▸ **WHAT YOU WILL DO**:
Copy the listing below letter for letter, passing over each picture.

▸ **COLLECTED DATA**:

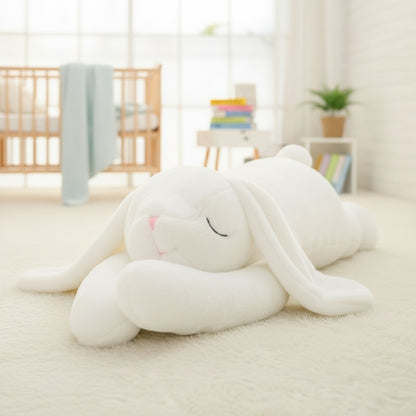 Peluche Lapin Géant Doux 90cm - Oreiller Animal Grande Oreille Cadeau Enfant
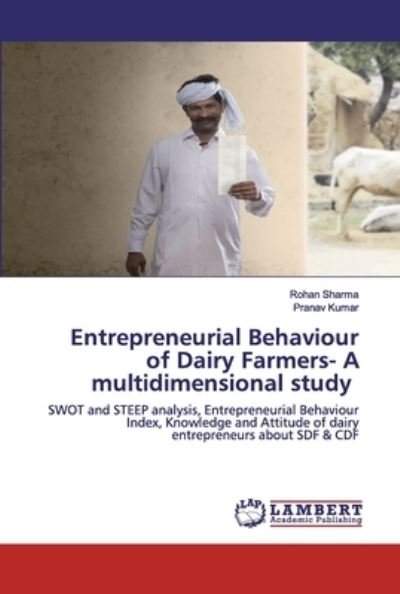 Cover for Sharma · Entrepreneurial Behaviour of Dai (Buch) (2020)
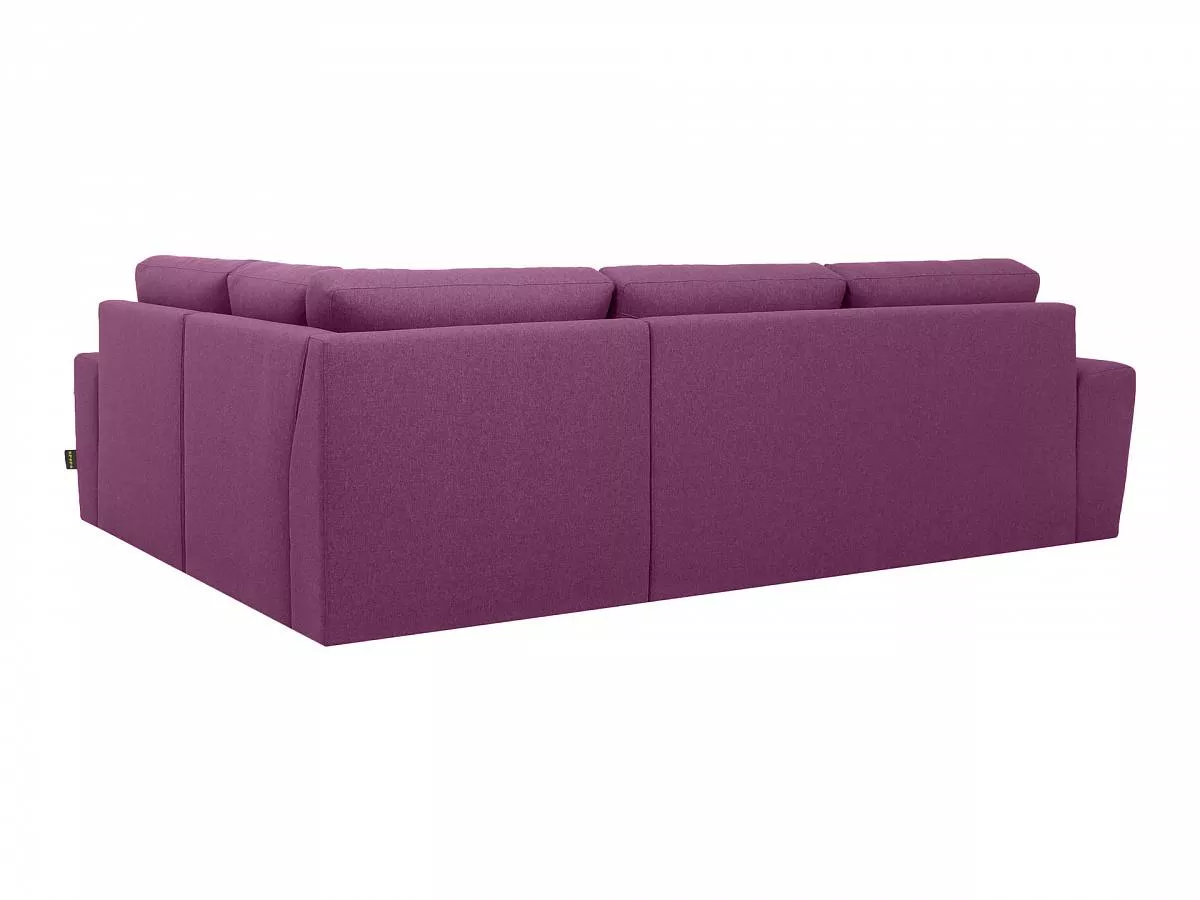 Диван-кровать угловой Peterhof П5 фиолетовый 341128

▸ **ANSWER TO THE EXERCISE**:
 Peluche Lapin Géant Doux 90cm - Oreiller Animal Grande Oreille Cadeau Enfant
 Cover for Sharma · Entrepreneurial Behaviour of Dai (Buch) (2020)
 Диван-кровать угловой Peterhof П5 фиолетовый 341128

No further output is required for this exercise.